● Extracted entries:
◇ ◇ ◇

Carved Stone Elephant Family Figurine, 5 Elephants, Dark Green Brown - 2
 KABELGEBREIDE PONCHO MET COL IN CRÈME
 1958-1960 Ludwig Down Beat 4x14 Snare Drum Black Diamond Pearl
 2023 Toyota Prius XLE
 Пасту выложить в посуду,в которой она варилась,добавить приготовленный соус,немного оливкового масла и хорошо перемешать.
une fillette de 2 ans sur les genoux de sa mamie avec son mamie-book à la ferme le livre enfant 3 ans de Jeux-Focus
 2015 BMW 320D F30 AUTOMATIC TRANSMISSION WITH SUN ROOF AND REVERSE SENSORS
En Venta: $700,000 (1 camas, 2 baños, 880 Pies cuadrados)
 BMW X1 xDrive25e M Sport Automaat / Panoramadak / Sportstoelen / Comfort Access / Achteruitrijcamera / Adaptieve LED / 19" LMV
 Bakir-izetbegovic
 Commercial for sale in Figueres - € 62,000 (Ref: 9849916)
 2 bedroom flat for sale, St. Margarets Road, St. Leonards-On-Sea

◇ ◇ ◇

● What this task involves: Retype exactly, please, each line from the line that contains "une fillette de" through the last line of the entries above, with nothing added.

● Result of this exercise:
une fillette de 2 ans sur les genoux de sa mamie avec son mamie-book à la ferme le livre enfant 3 ans de Jeux-Focus
 2015 BMW 320D F30 AUTOMATIC TRANSMISSION WITH SUN ROOF AND REVERSE SENSORS
En Venta: $700,000 (1 camas, 2 baños, 880 Pies cuadrados)
 BMW X1 xDrive25e M Sport Automaat / Panoramadak / Sportstoelen / Comfort Access / Achteruitrijcamera / Adaptieve LED / 19" LMV
 Bakir-izetbegovic
 Commercial for sale in Figueres - € 62,000 (Ref: 9849916)
 2 bedroom flat for sale, St. Margarets Road, St. Leonards-On-Sea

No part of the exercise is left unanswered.